French President Emmanuel Macron and other French authorities have increasingly sought to curtail the display of religious symbols amid a campaign to assert the country’s secular state.

 

Meanwhile, following widespread antiracism protests in the U.S. after the killing of George Floyd, there have been growing calls in some Western European countries to push back against discrimination and racism.

 

Judges of the Luxembourg-based European Court of Justice in their ruling Thursday upheld a 2017 decision by the court saying that a private company’s decision to ban the wearing of a head scarf to promote a neutral working environment wasn’t necessarily discriminatory.

 

The ruling permits employers to bar religious, political or philosophical symbols in a workplace if such guidelines are universally applied by the company because of the need for neutrality for business purposes, for example a school where parents don’t want their children to be supervised by people who manifest their religious beliefs.

 

However, the judges moved to limit the circumstances under which a ban is justified after two German courts had asked for guidance on cases involving two women: a special-needs caregiver at a child-care center who was temporarily suspended from her job and a cashier who sued for discrimination after she was ordered to come to work without a head scarf.

 

The court said that in addition to applying the rules equally to all political or religious groups, a company must have evidence that its activities would suffer adverse consequences and that the scale and severity of this impact justified the ban.

 

The ECJ also said national courts should take into account additional protections against discrimination that some countries, including Germany, have embedded in their laws. And the court signaled it would be discriminatory if a company chose to ban conspicuous symbols, like the head scarf, but didn’t forbid all smaller visible religious or political signs.

 

The 2017 EU court ruling had prompted a backlash from Muslim and Jewish groups who warned it could exclude some people from their communities from certain jobs. The decision has also faced criticism from some former senior ECJ legal officers. Thursday’s ruling drew attacks from advocacy groups.

 

“Laws, policies and practices prohibiting religious dress are targeted manifestations of Islamophobia that seek to exclude Muslim women from public life or render them invisible,” said Maryam H’madoun, a policy officer at the Open Society Justice Initiative.

 

France’s highest appeals court in recent years has sided with employers in cases involving Muslim women wearing head scarves at work, when a company’s internal policy clearly banned overt religious symbols. In 2017, that court ruled in favor of French information-technology firm Micropole SA, which dismissed Asma Bougnaoui, a design engineer, after a customer complained about her head scarf.

 

French civil servants aren’t allowed to wear overt religious symbols at work under France’s strict secular rules.
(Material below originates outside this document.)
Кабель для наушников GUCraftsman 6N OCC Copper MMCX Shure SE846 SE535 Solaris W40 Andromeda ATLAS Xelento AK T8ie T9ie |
But these rules don’t apply in the private sector.

 

Islam and its place in French society has been at the center of a heated debate in France in the wake of recent terrorist attacks.

 

Mr. Macron has proposed a bill to Parliament that aims to push back against what he calls Islamist separatism, which he describes as a political and religious project to create a parallel society where religious laws take precedence over civil ones. The bill is currently before the Senate, which has sought to add provisions barring school field-trip chaperones from wearing overt religious symbols, and banning burkinis in public swimming pools.

 

In Belgium recently, there was a major political incident after a Belgian-Moroccan woman resigned from her role as a government representative at a women’s equality institute following attacks from politicians on her use of the head scarf.

 

Following protests in universities, Belgium’s Wallonia region recently lifted a ban on religious symbols at schools including higher education.